> **Given entries**:
* * *

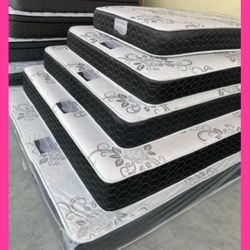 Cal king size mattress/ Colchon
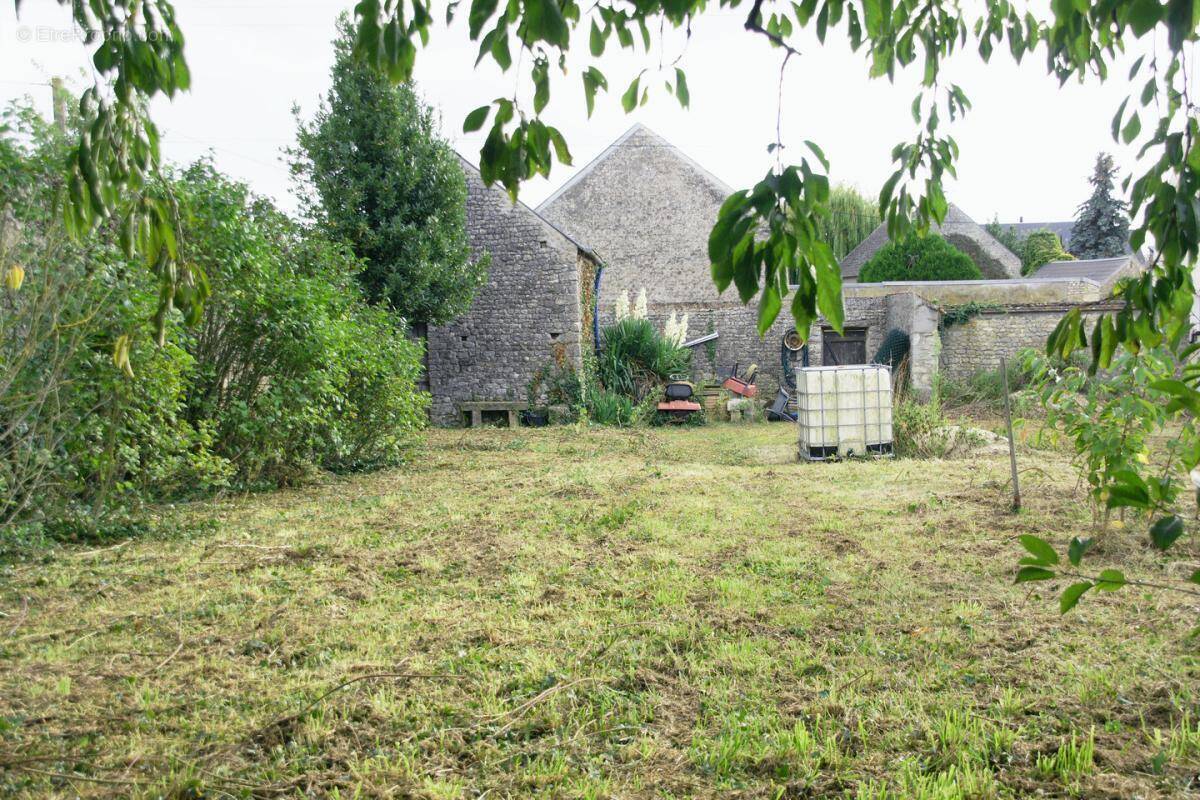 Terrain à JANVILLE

* * *

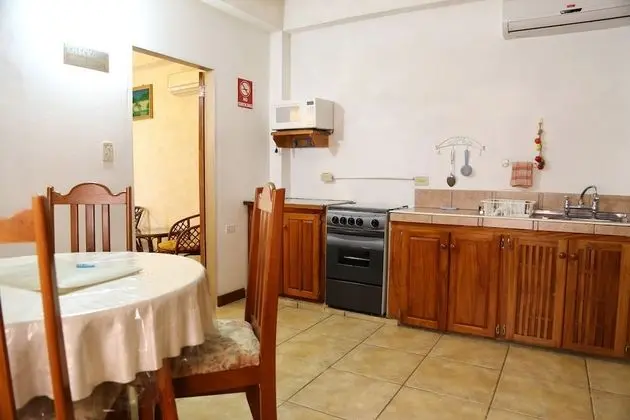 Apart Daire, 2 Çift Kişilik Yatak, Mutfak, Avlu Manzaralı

* * *

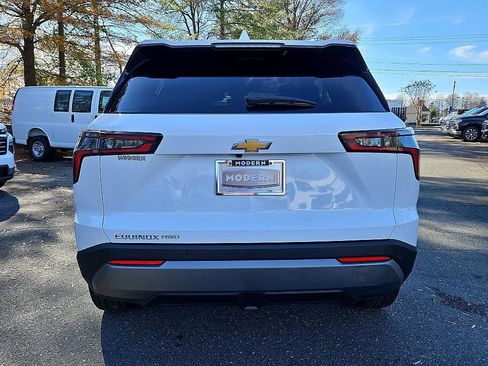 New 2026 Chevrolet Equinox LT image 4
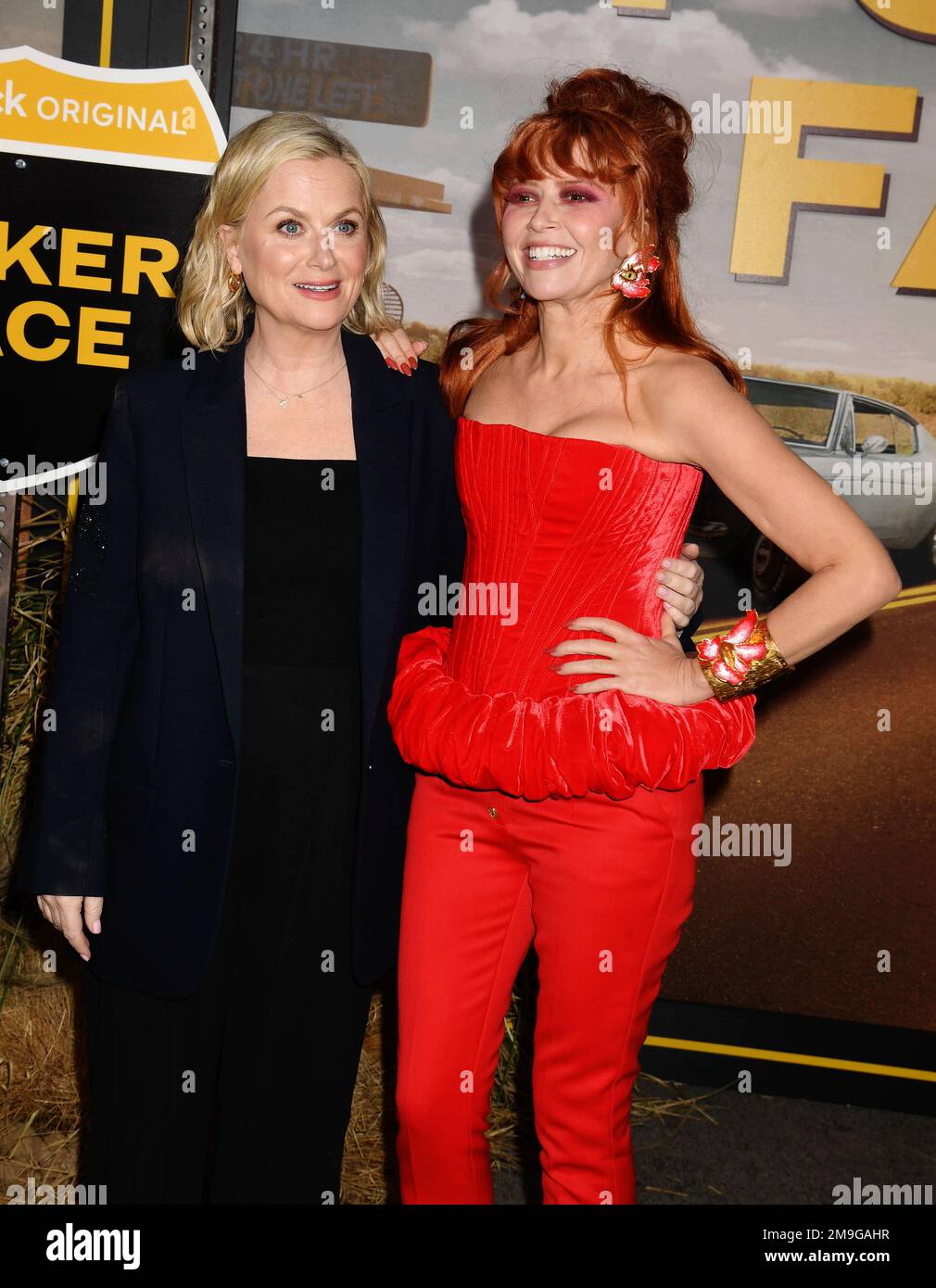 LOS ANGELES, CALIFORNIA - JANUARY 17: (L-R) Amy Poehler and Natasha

* * *

The lines to reproduce run from the one above containing "New 2026 Chevrolet Equinox LT image 4" through the one containing "LOS ANGELES, CALIFORNIA". Copy them exactly and leave out all pictures.

 New 2026 Chevrolet Equinox LT image 4
 LOS ANGELES, CALIFORNIA - JANUARY 17: (L-R) Amy Poehler and Natasha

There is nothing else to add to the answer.